I did a little bit of work recently to help the Wake county in North Carolina allocate poll observers to polling stations. One of the reasons poll observers cancel is because the polling station ends up being too far to travel. Now if we thought of this before we send them an allocation we can find an optimal allocation using one of the many matching algorithms.

If we have already sent out your assignments, we can still make your poll observers weakly better off by allowing them to trade assignments. This starts getting messy if Lián wants Rohan’s polling station, Rohan wants Tere’s polling station, and Tere wants Kwame’s, and Kwame wants Lián’s. Here we look at the Top-trading cycle, a simple algorithm with some very nice properties, that allow us to improve our allocation while making sure no one is worse off (it’s pareto improving).

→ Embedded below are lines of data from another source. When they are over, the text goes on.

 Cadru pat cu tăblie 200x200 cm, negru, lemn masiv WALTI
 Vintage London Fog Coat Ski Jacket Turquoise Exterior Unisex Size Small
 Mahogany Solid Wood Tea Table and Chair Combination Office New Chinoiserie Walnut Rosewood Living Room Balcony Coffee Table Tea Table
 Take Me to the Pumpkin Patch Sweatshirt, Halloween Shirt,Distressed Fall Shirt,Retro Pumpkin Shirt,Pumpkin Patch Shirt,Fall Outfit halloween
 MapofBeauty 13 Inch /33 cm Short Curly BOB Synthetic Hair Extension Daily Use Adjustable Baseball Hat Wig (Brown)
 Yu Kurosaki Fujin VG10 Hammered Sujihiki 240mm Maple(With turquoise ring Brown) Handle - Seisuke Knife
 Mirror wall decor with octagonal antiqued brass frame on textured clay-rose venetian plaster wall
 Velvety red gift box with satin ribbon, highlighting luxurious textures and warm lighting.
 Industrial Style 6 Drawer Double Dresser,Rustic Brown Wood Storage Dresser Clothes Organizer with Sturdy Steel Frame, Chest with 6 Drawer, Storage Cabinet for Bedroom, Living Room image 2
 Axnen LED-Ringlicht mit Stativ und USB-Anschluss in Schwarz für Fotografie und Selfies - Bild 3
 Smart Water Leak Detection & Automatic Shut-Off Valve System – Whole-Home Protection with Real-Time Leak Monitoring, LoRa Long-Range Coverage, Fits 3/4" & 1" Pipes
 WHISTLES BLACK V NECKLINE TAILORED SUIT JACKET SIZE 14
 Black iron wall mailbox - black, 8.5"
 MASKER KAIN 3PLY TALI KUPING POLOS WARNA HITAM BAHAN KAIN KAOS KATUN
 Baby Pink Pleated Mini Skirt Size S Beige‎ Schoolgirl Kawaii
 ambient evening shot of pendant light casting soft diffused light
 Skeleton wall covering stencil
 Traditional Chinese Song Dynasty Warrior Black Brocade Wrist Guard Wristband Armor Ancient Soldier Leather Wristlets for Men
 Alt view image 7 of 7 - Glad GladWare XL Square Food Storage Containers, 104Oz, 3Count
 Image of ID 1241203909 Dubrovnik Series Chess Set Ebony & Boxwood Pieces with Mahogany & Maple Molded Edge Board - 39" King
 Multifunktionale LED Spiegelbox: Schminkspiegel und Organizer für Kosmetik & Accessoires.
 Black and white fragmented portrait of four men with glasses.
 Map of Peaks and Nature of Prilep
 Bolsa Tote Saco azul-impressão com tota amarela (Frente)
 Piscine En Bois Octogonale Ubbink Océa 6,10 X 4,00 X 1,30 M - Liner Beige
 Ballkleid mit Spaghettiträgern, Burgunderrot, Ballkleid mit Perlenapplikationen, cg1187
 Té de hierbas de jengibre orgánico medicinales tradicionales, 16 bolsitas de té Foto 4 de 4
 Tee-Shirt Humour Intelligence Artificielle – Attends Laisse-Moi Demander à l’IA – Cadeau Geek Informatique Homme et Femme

You can find the (really messy) code for this here.

Let’s make up some data

I’m going to evenly scatter the polling stations and observers so it’s obvious to a human on what the optimal allocation would be.

grid_dim = 5
n_names_location = grid_dim**2

x = np.arange(grid_dim)
y = np.arange(grid_dim)
xx, yy = np.meshgrid(x, y)

even_points = np.stack([xx.ravel(), yy.ravel()]).T

observers = pd.DataFrame()
polling_station = pd.DataFrame()
past_names = []
for i in range(n_names_location):
    name = names.get_first_name()
    while name in past_names:
        name = names.get_first_name()
    past_names.append(name)
    observers = observers.append({
                                  'idx':i,
                                  'observer': name,
                                  'location': even_points[i] /1.5 + 0.75
                                 }, ignore_index=True)
    polling_station = polling_station.append({
                                              'idx':i,
                                              'polling_station': f'PollingStation_{i}',
                                              'location': even_points[i]
                                             }, ignore_index=True)

Let’s make a graph out of this and see what it looks like.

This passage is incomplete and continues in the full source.